From director, writer, star and SNL alumni, Taran Killam, comes a wacky mockumentary about a bunch of hitmen and women, attempting to kill a hitman code named Gunther, aka the greatest hitman alive.
Anyone who has seen the U.S Office and/or Parks and Recreation, knows pretty much what they’re in for here; an egotistical protagonist who is an idiot, an ensemble of characters with an assortment of quirks, talking heads filled with awkward comedy, many comedic asides to the camera etc, the list goes on. However, as unoriginal as Killing Gunther appears to be, it does serve as an admirable effort to find something new within an oversaturated genre, even if it’s mission is futile.

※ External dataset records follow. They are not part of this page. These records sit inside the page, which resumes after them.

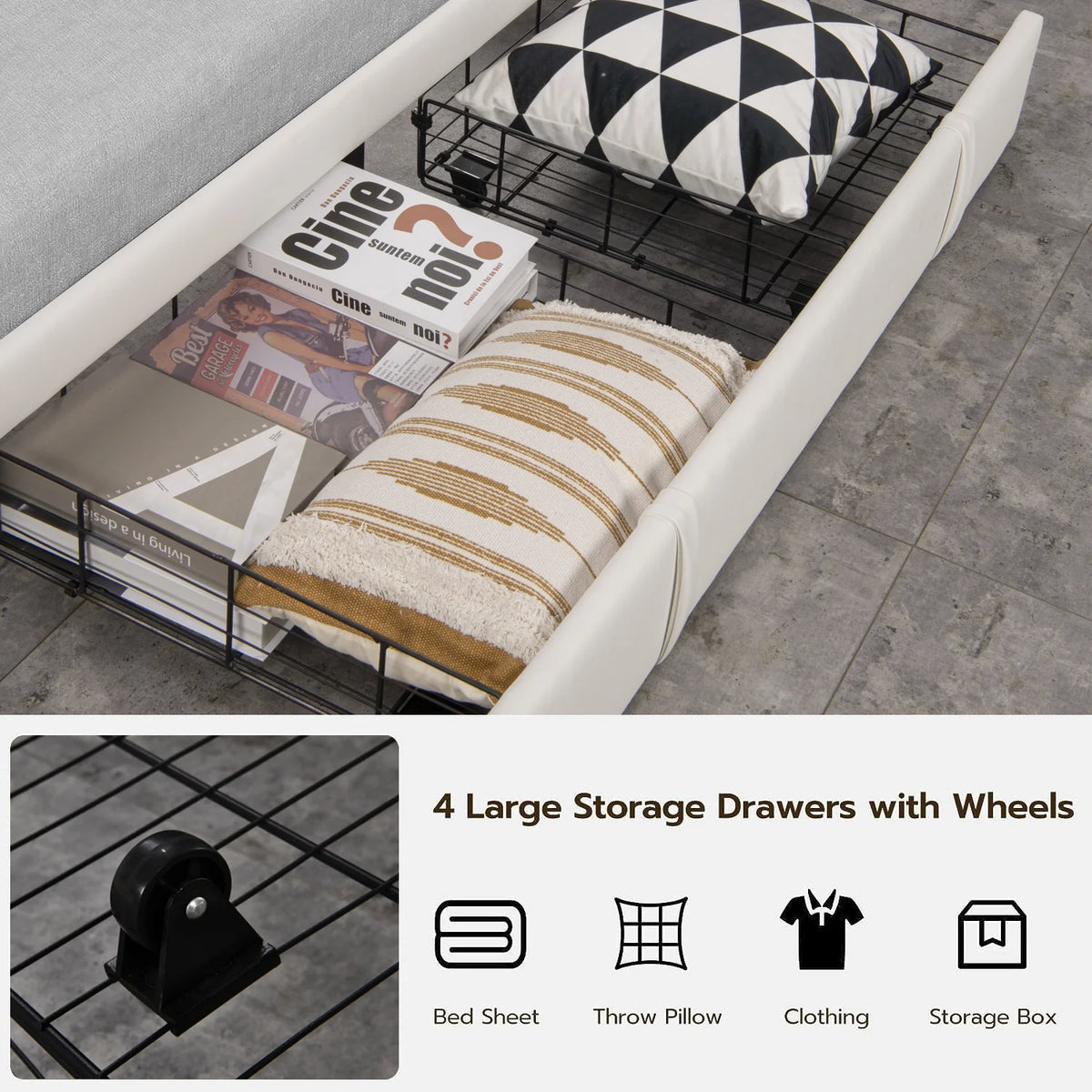 Faux Leather Upholstered Queen Bed Frame with Storage Headboard F1007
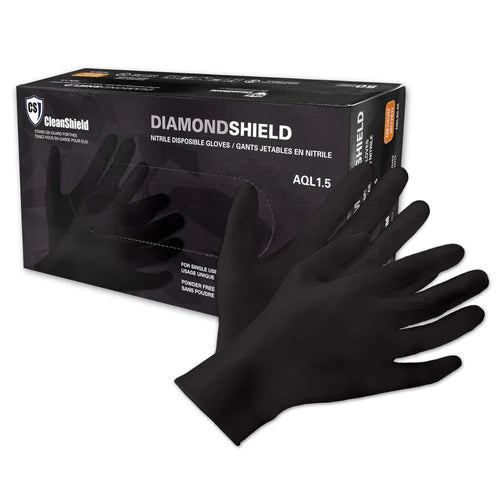 Guantes de examen de nitrilo CleanShield Diamond Shield negros de 8 mil (500 guantes/estuche) 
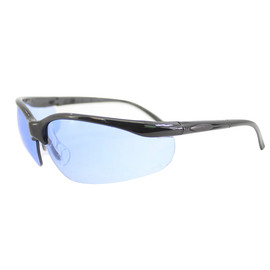 Radnor Motion Series Safety Glasses With Black Frame, Blue Polycarbonate Scratch Resistant Lens And Adjustable Temples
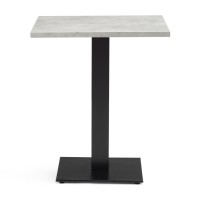   Black Steel Square Dining Table Grey Concrete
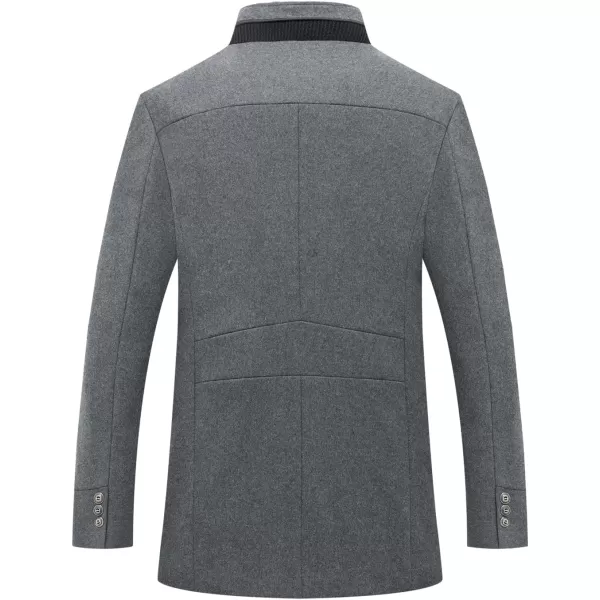 chouyatou Mens Gentle Band Collar Single Breasted Wool Blend Pea Coat99grey
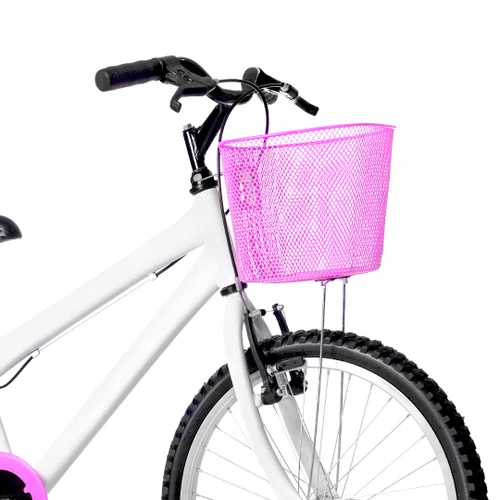 Bicicleta 20 Feminina Branca Infantil Aro Alumínio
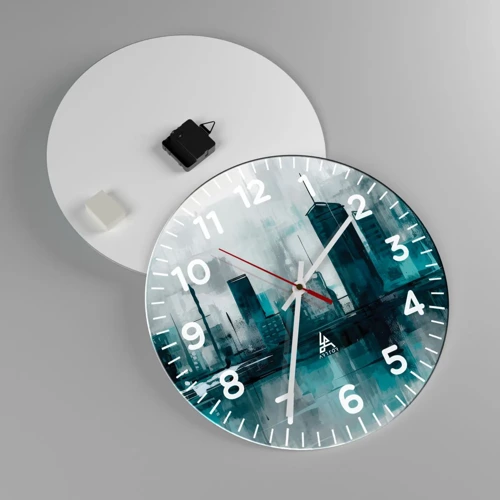 Wall clock - Clock on glass - City in the Colour of Rain - 40x40 cm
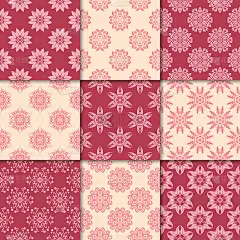 樱桃红和米色的花卉装饰品。无缝模式的集合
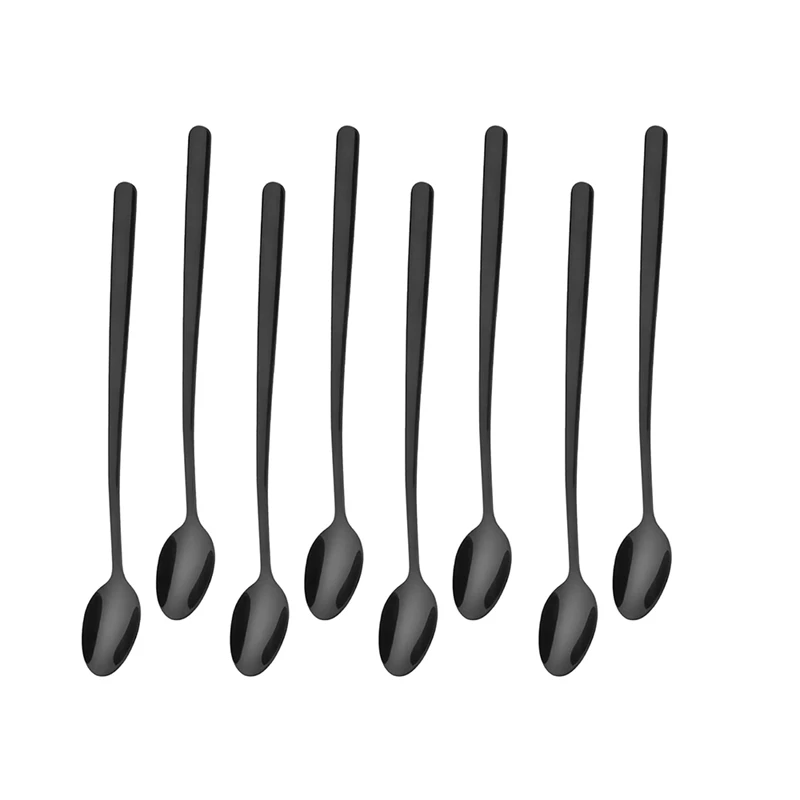 8 Ice Cream Spoons Long Drink Spoons Stainless Steel Black 304 Stainless Steel Ice Cream Balls, 22 Cm Long
8 Ice Cream Spoons Long Drink Spoons Stainless Steel Black 304 Stainless Steel Ice Cream Balls, 22 Cm Long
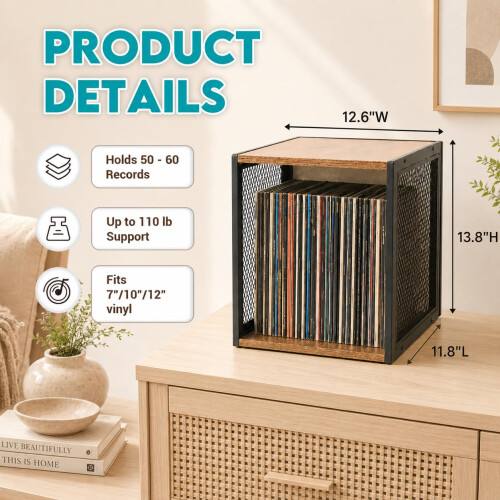 ZOESTORAGE Vinyl Records Storage Stand, Rustic Brown 1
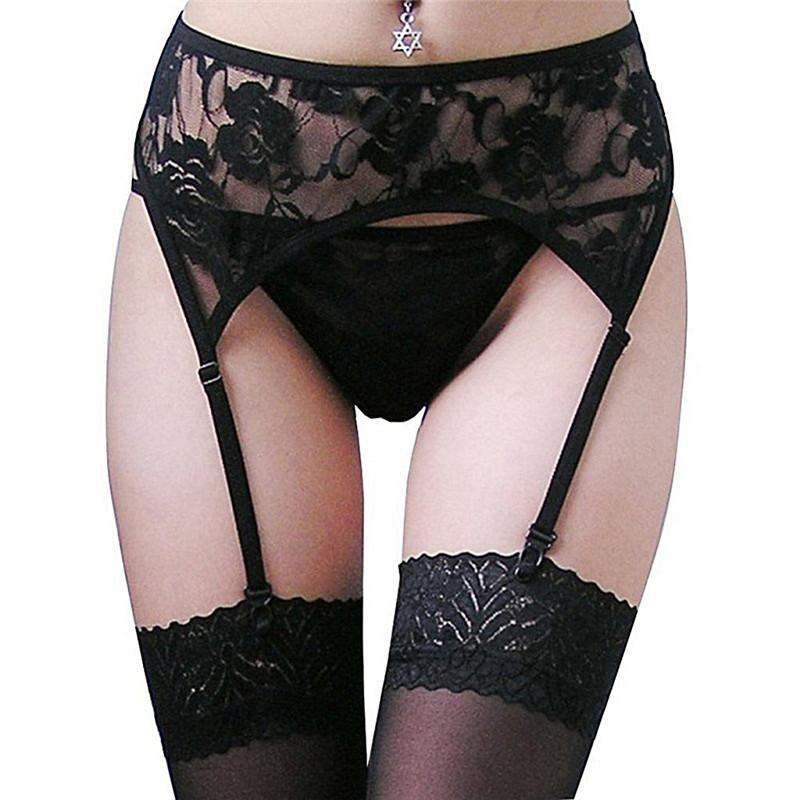 Black/Red/Pink/White Lace Bow Garters Belt Women Sexy Transparent Lingerie Adjustable Suspender Belt For Thigh High Stockings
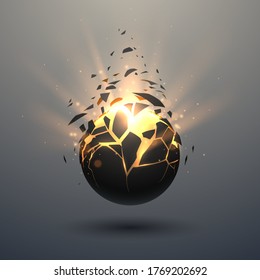 Black and gold sphere with glow effect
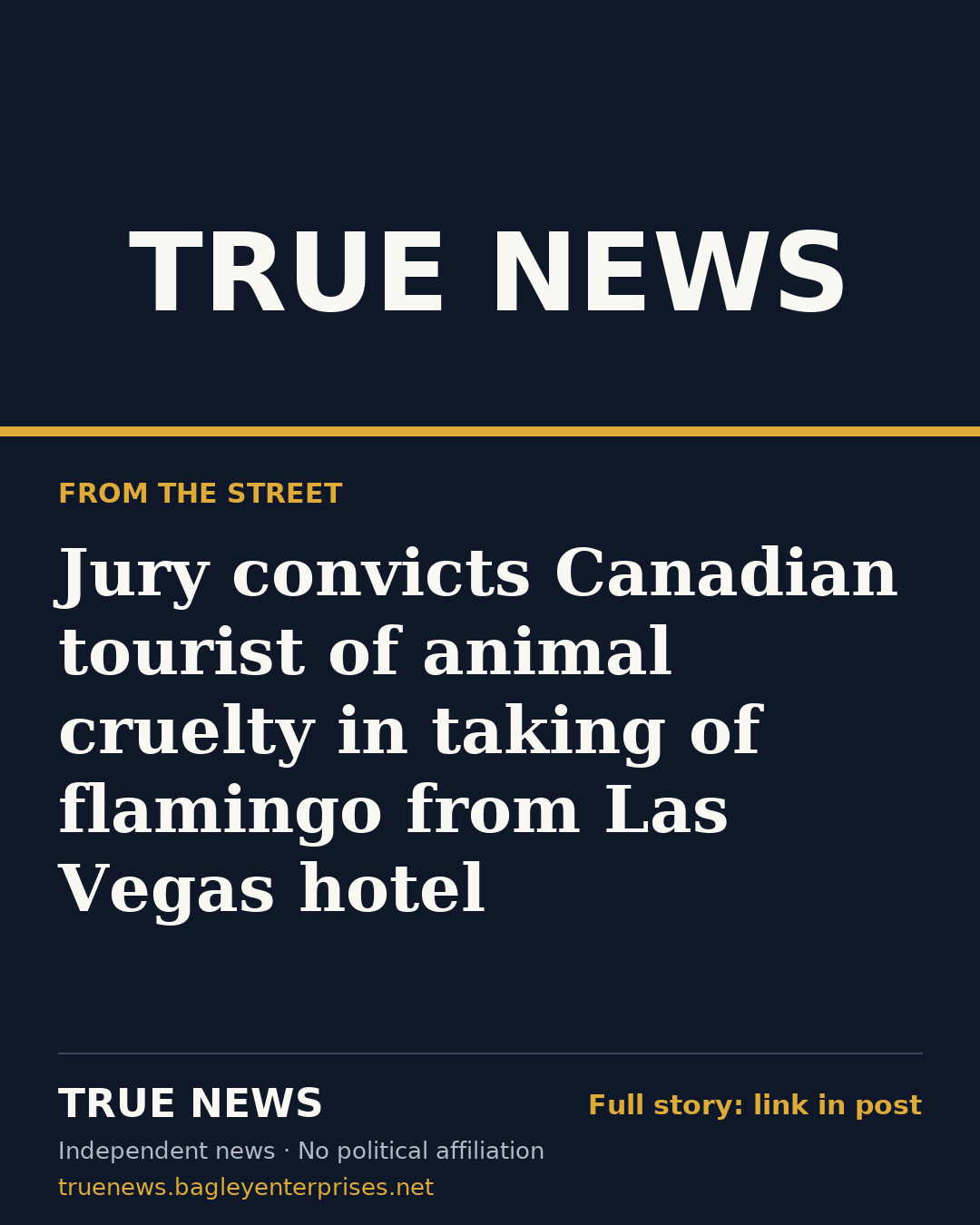 Share card: Jury convicts Canadian tourist of animal cruelty in taking of flamingo from Las Vegas hotel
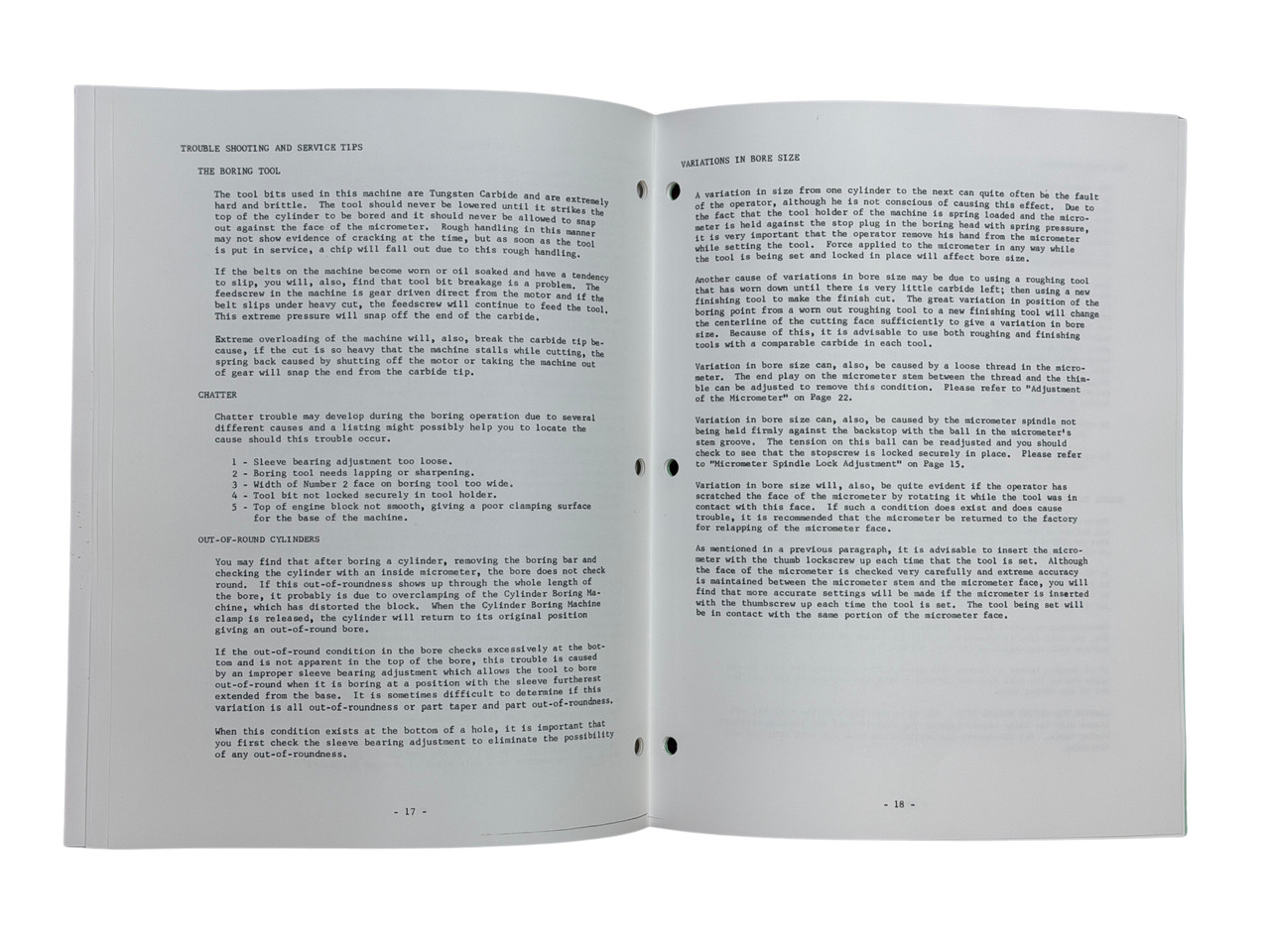 Kwik Way Model FW Boring Bar Manual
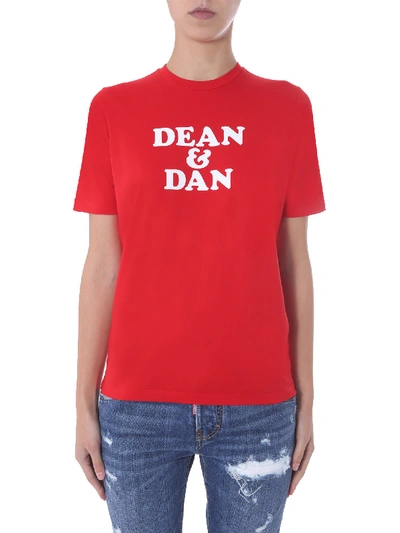 Shop Dsquared2 Round Neck T-shirt In Rosso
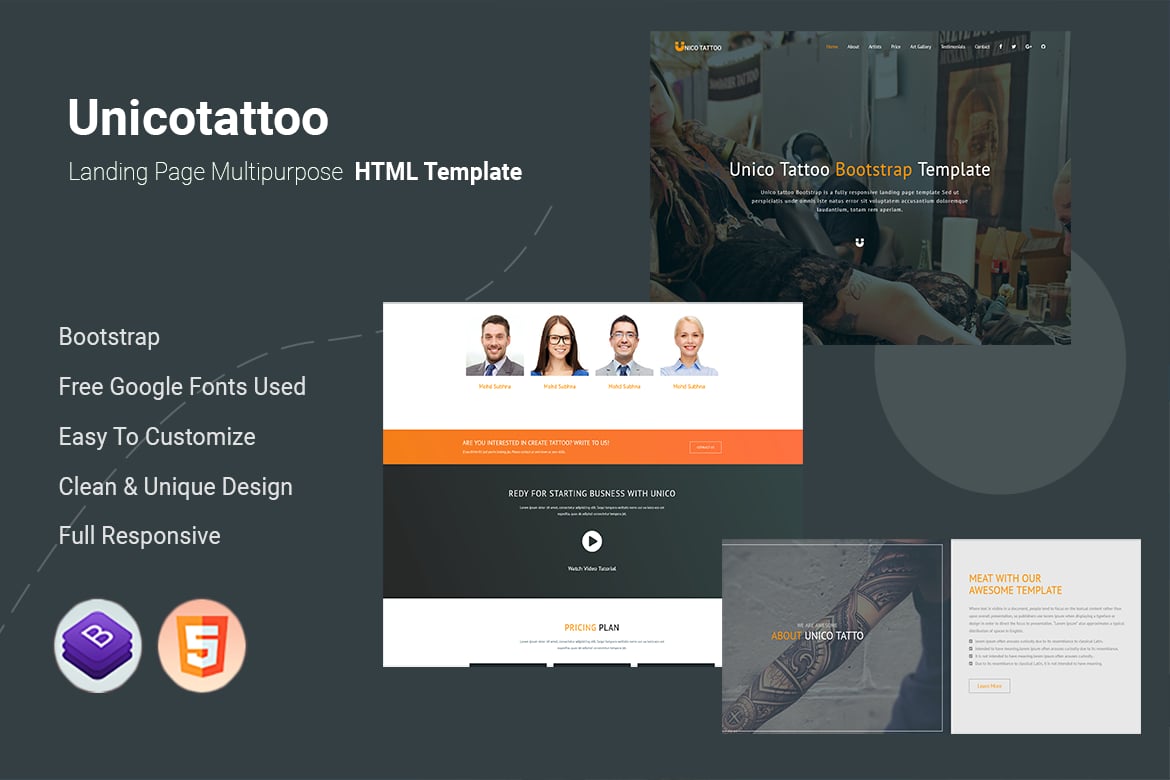 Template Website Unico Tattoo - Solusi Landing Page Serbaguna
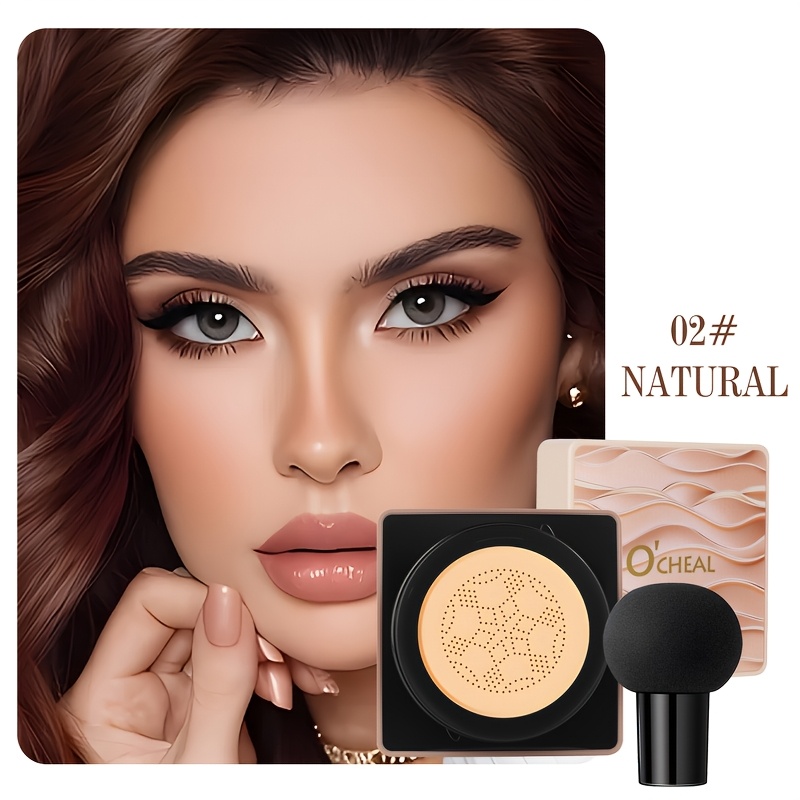 Image of Mushroom Cushion Foundation, Bb Cream, Cc Cream Flawless Lightweight Full Coverage Long-lasting Moisturizing Concealer Foundation Makeup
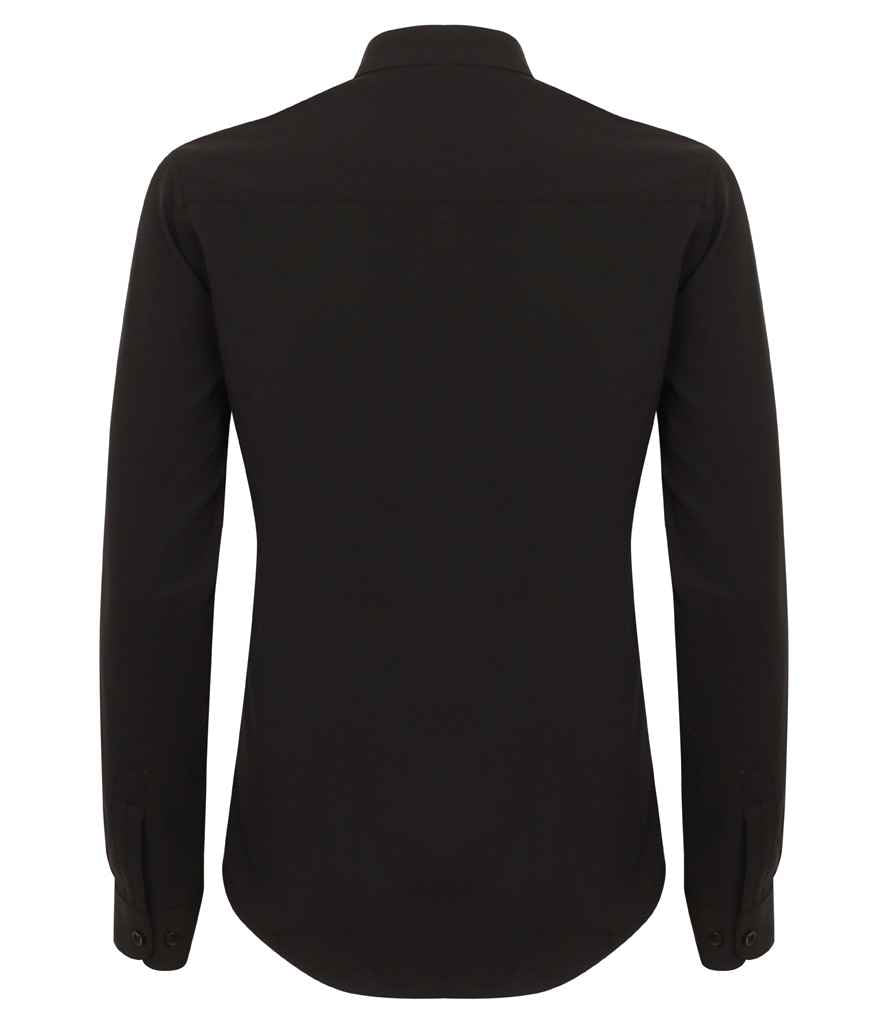 Henbury Ladies Mandarin Roll Sleeve Anti-Bac Wicking Shirt in by Henbury — Custom branded clothing by Print Press, featuring premium embroidery produced in our specialist print lab in the UK.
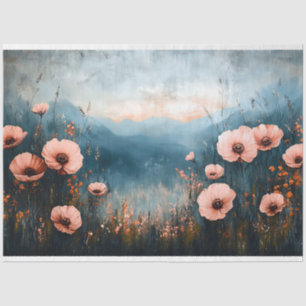 Papel De Seda Decoupage de paisaje con flores rosadas Vintage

The film starts off by introducing the quirks that will become the characters we follow. Spending its time riffing off well known mockumentary tropes in ways that will gain a laugh or two, even if you’ve seen the gags done a lot better somewhere else. Personally, the film feels rather bloated with the number of character quirks it contains, jumping through them quickly to cover everyone. This being said, the quirk combination occasionally works, and the film resolves this overpopulation issue gradually over its runtime, albeit in a rather unsatisfactory fashion.
Once into the second act, the film shifts its comedy into the melodramatic gear, playing laughs out of the characters increasingly tragic situations. This is where the film falls completely flat, coming off as cringey instead of its aim of cringe comedy. Fortunately, however, the film’s final act somewhat satisfies, thanks in large part to a surprisingly funny performance from the Governor of California. Schwarzenegger steals the show in a completely ridiculous role that perhaps wasn’t intended to be funny in the way it was, but nonetheless, he’s a character you wished you’d seen more of.
A lot of care is felt in this film. Writer, director and star Taran Killam gives maximum effort and enthusiasm, which you occasionally get a kick out of, however he is trying too hard on all fronts, which ultimately contributes to the films mildly entertaining result. Ironically, Killing Gunther is an unintentionally funny comedy. Most of the humour found in the film, lies within its stupidity, but perhaps not in the way Killam intends for you to laugh. It’s more likely that audiences will laugh at the film rather than with it.
Overall, Killing Gunther doesn’t tread any new ground, but it tries it’s very best to make a funny thrill ride out of the mockumentary genre. In a way it works, just not in the way intended. Fans of the mockumentary formula will potentially get enjoyment out of this film, however, those looking for something more than repeated genre thrills, should probably stick to The Office.